Source records

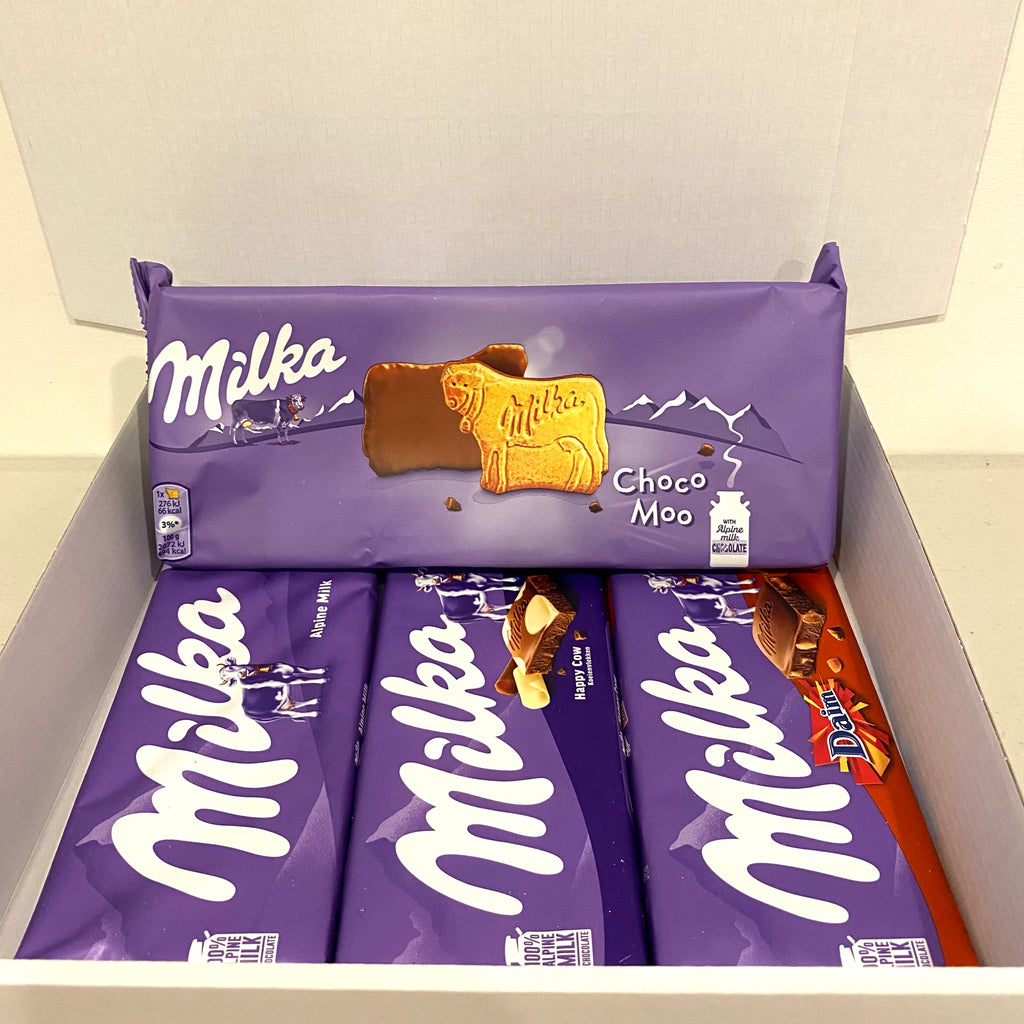 The Milka chocolate box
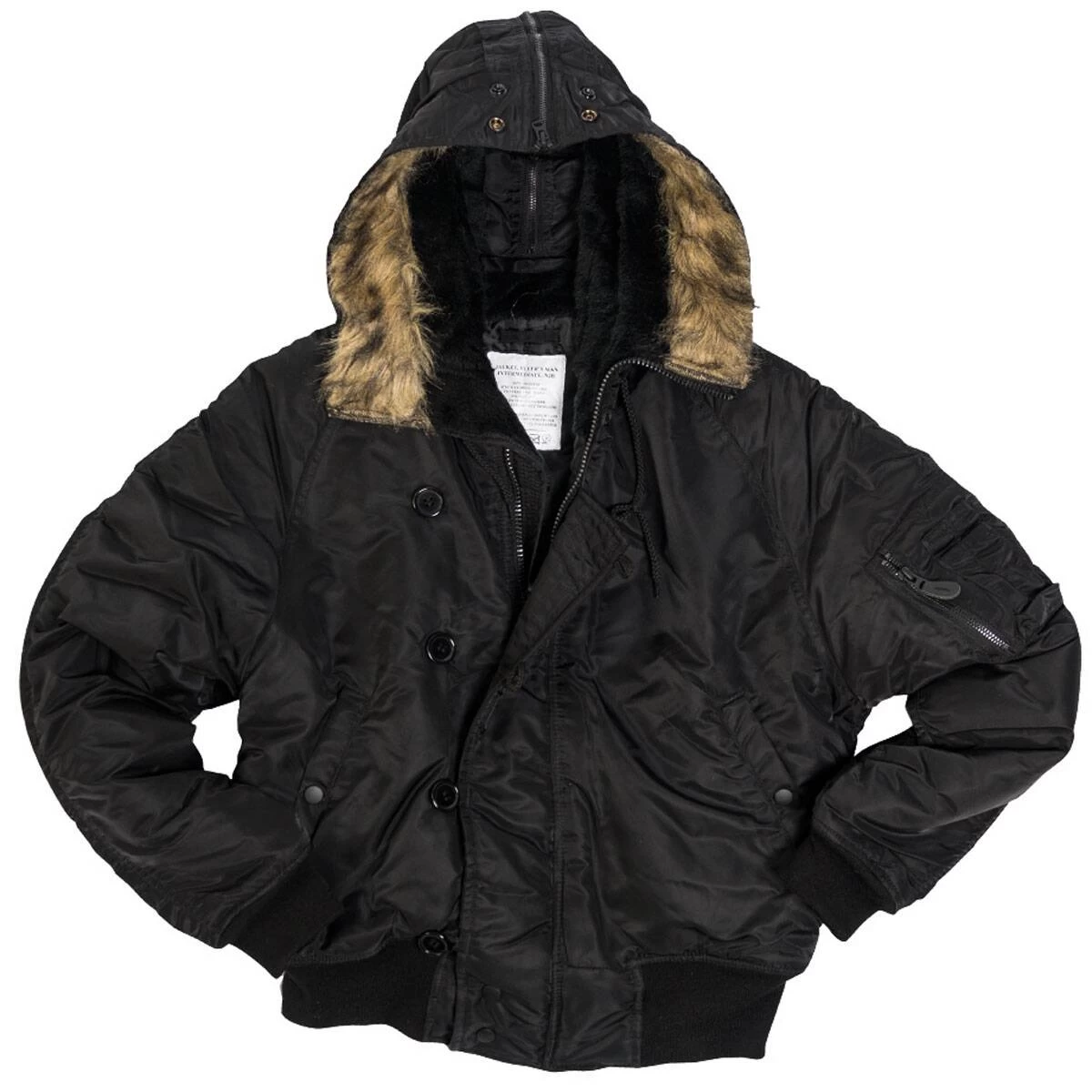 Mil-Tec US N2B Fliegerjacke Schwarz 1 Mil-Tec US N2B Fliegerjacke Schwarz
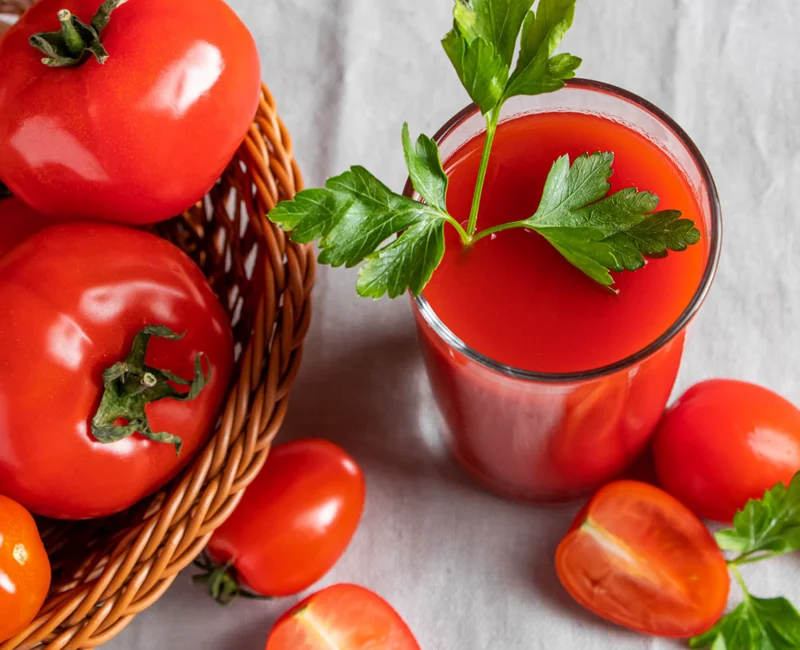 ارزش غذایی آب گوجه فرنگی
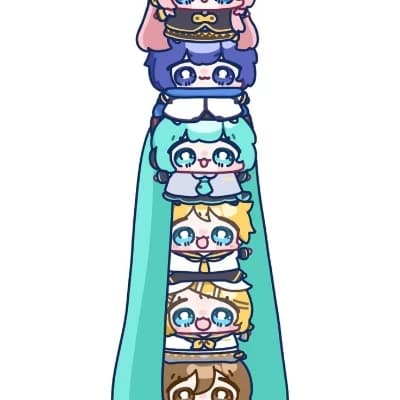 Luka, Kaito, Miku, Len, Rin and Meiko thumbnail
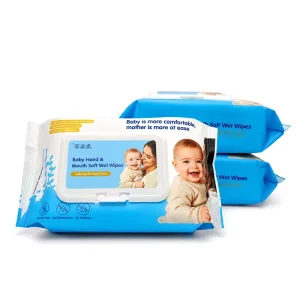 Unscented Baby Wet Wipes Alcohol Free Soft Nonwoven Cleaning Wipes for Daily Baby Care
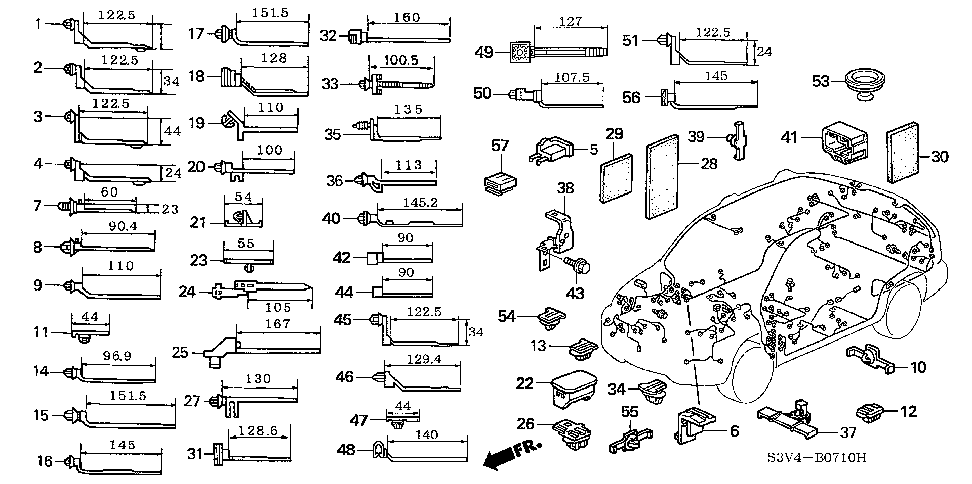 32747-RDJ-A01 - STAY G, ENGINE HARNESS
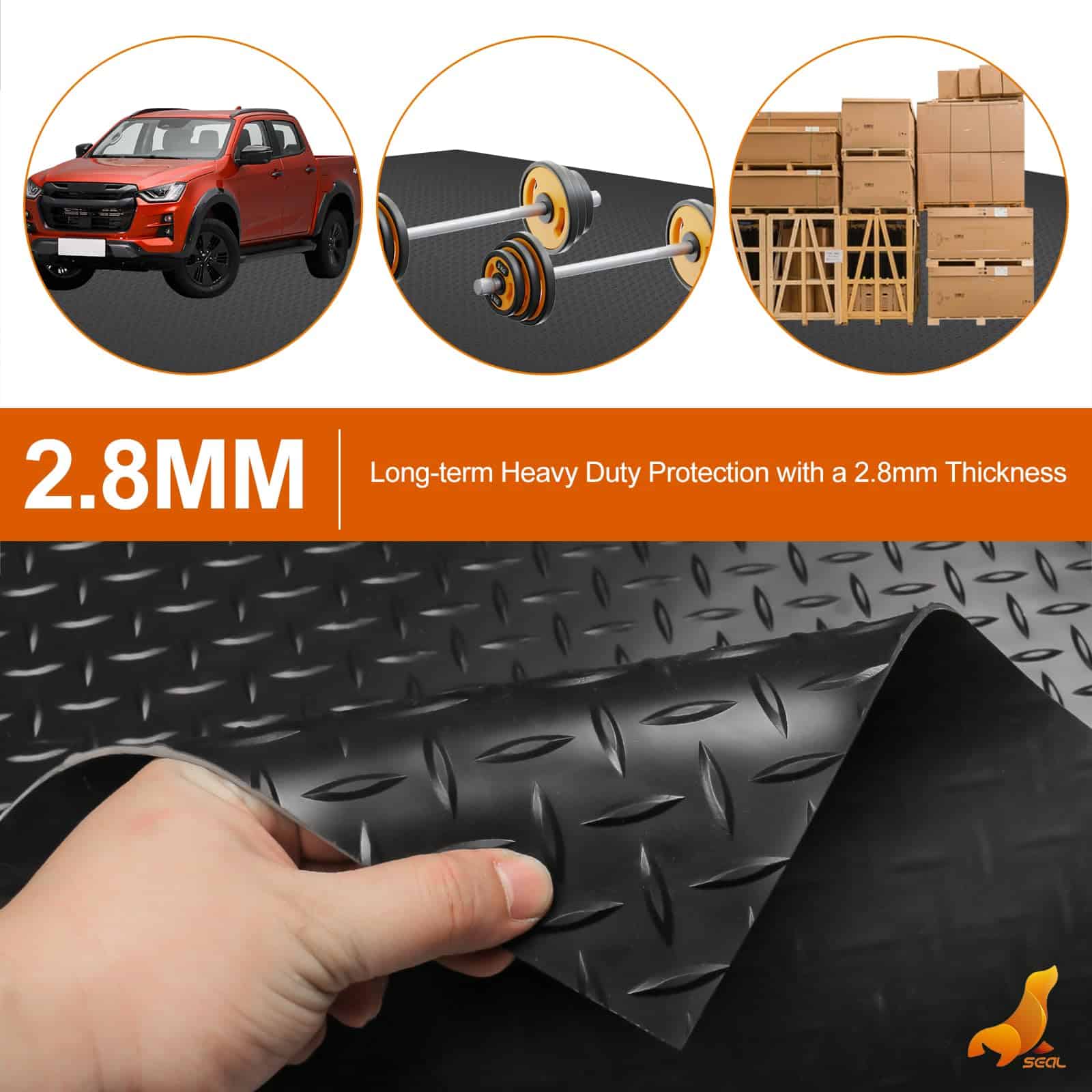 Tapete de Piso para Garaje de 4 x 8 pies Premium de SEAL, - Imagen 3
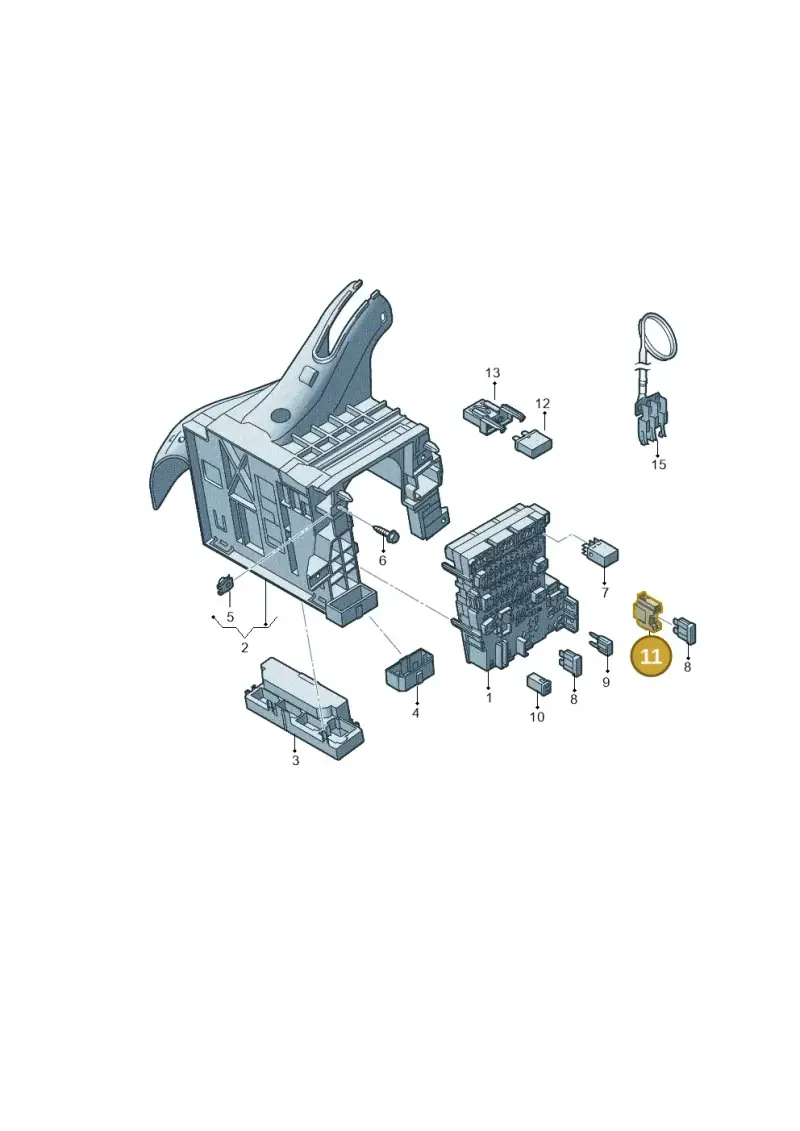6R0937530 — Skoda Fabia (2021-) diagram 584937000, position 11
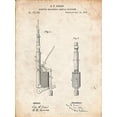 thumbnail image 2 of Borders, Cole 15x18 Gold Ornate Wood Framed with Double Matting Museum Art Print Titled - PP491-Vintage Parchment Dentist Drill Patent Poster, 2 of 4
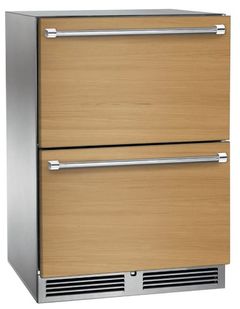 Perlick® Signature Panel Ready/Stainless Steel 24" Dual Zone Freezer-Refrigerator Drawer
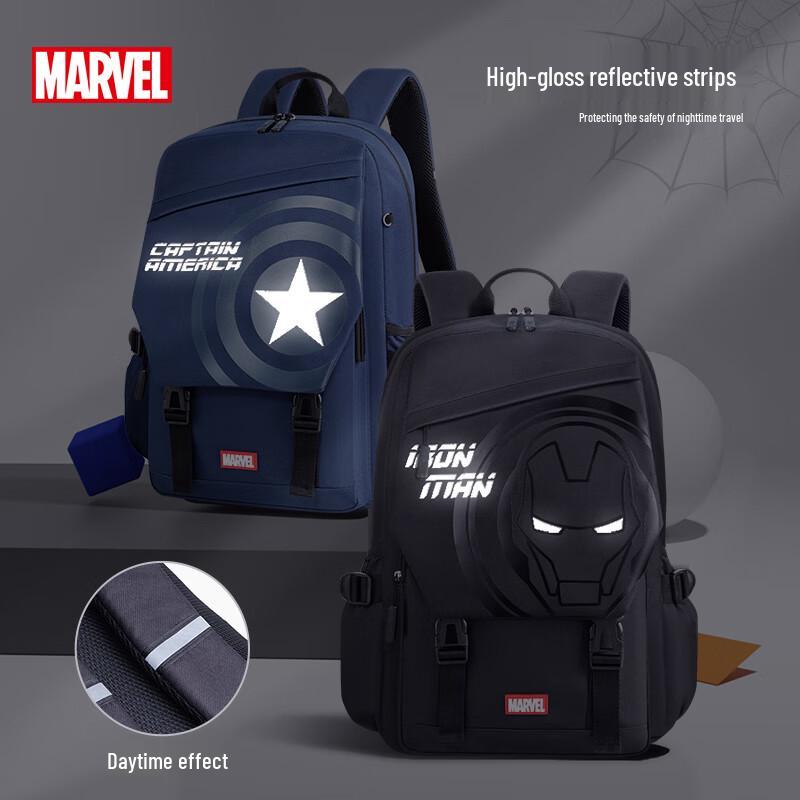 Disney Spider-Man Boys' 28L Lightweight School Backpack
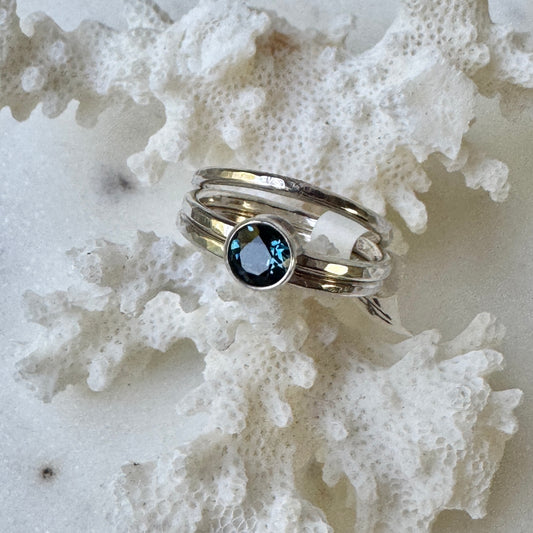 Blue Kyanite Stacking Ring
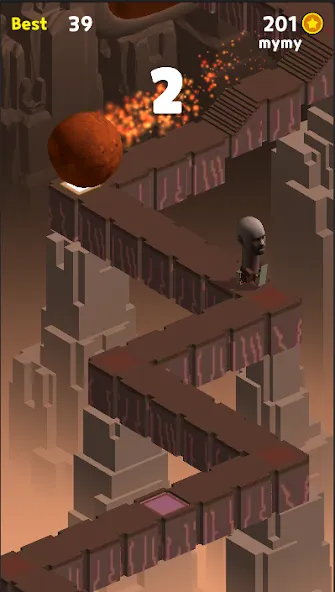 Zigzag Valley,Endless game [МОД: Меню, Бесконечные монеты и Открытые уровни] Screenshot 3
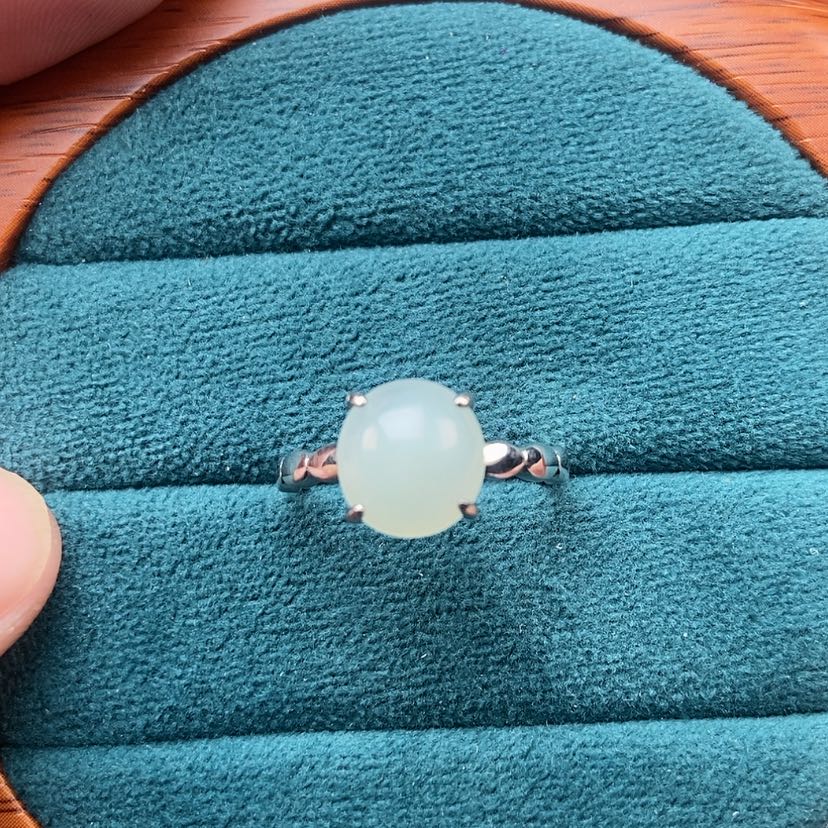 【闪购商品】翡翠戒指银S925镶嵌小**姐兮兮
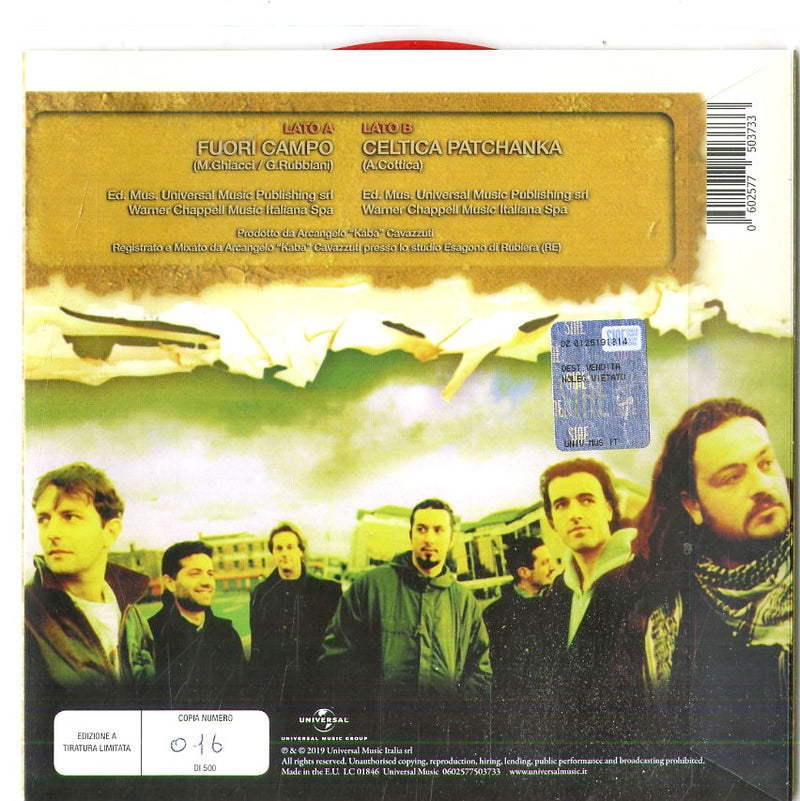 Modena City Ramblers - Fuori Campo, Celtica (Rsd 2019) (20Th Anniversary 7" Vinile Rosso Numerato) Vinile LP - Vinyl record 0602577503733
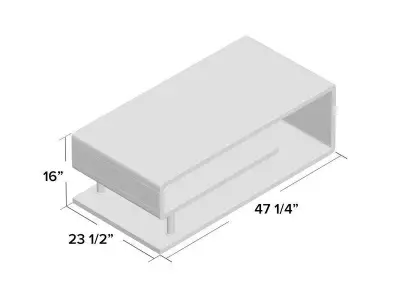 Luther Floor Shelf Coffee Table  3D model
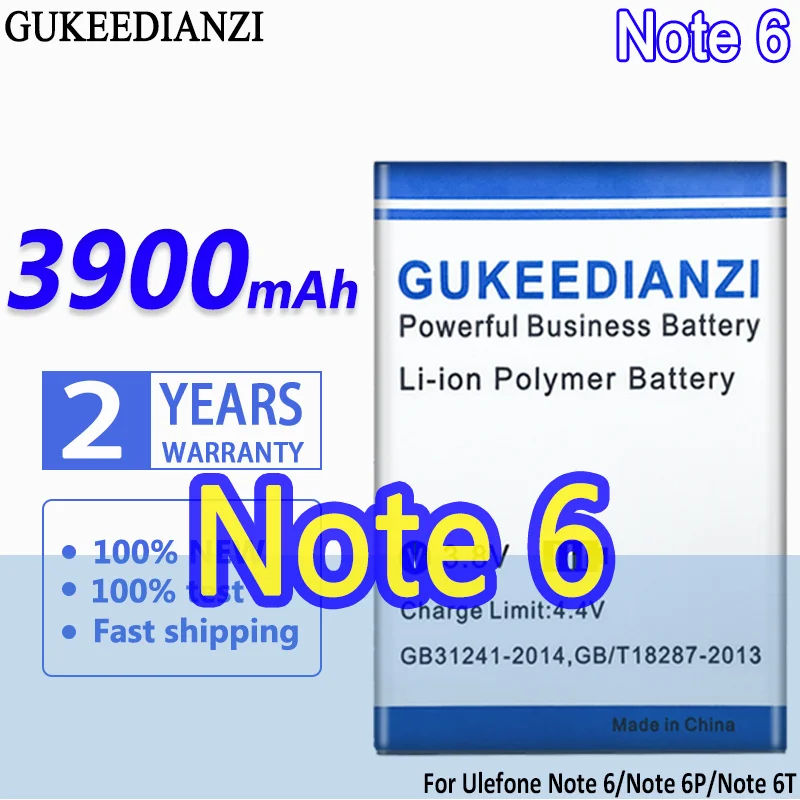 

Bateria Note6 (3277) 3900mAh High Capacity Battery For Ulefone Note 6/6P/6T Note6P Note6T High Quality Battery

- PROBLEM TO WORK ON: The data must come back word for word, with every picture removed.

- COMPLETED TASK:
 The Milka chocolate box
 Mil-Tec US N2B Fliegerjacke Schwarz 1 Mil-Tec US N2B Fliegerjacke Schwarz
 ارزش غذایی آب گوجه فرنگی
 Luka, Kaito, Miku, Len, Rin and Meiko thumbnail
 Unscented Baby Wet Wipes Alcohol Free Soft Nonwoven Cleaning Wipes for Daily Baby Care
 32747-RDJ-A01 - STAY G, ENGINE HARNESS
 Tapete de Piso para Garaje de 4 x 8 pies Premium de SEAL, - Imagen 3
6R0937530 — Skoda Fabia (2021-) diagram 584937000, position 11
 thumbnail image 2 of Borders, Cole 15x18 Gold Ornate Wood Framed with Double Matting Museum Art Print Titled - PP491-Vintage Parchment Dentist Drill Patent Poster, 2 of 4
 Perlick® Signature Panel Ready/Stainless Steel 24" Dual Zone Freezer-Refrigerator Drawer
 Disney Spider-Man Boys' 28L Lightweight School Backpack
 Blue Kyanite Stacking Ring
 Zigzag Valley,Endless game [МОД: Меню, Бесконечные монеты и Открытые уровни] Screenshot 3
 【闪购商品】翡翠戒指银S925镶嵌小**姐兮兮
 Modena City Ramblers - Fuori Campo, Celtica (Rsd 2019) (20Th Anniversary 7" Vinile Rosso Numerato) Vinile LP - Vinyl record 0602577503733
 Luther Floor Shelf Coffee Table  3D model

Bateria Note6 (3277) 3900mAh High Capacity Battery For Ulefone Note 6/6P/6T Note6P Note6T High Quality Battery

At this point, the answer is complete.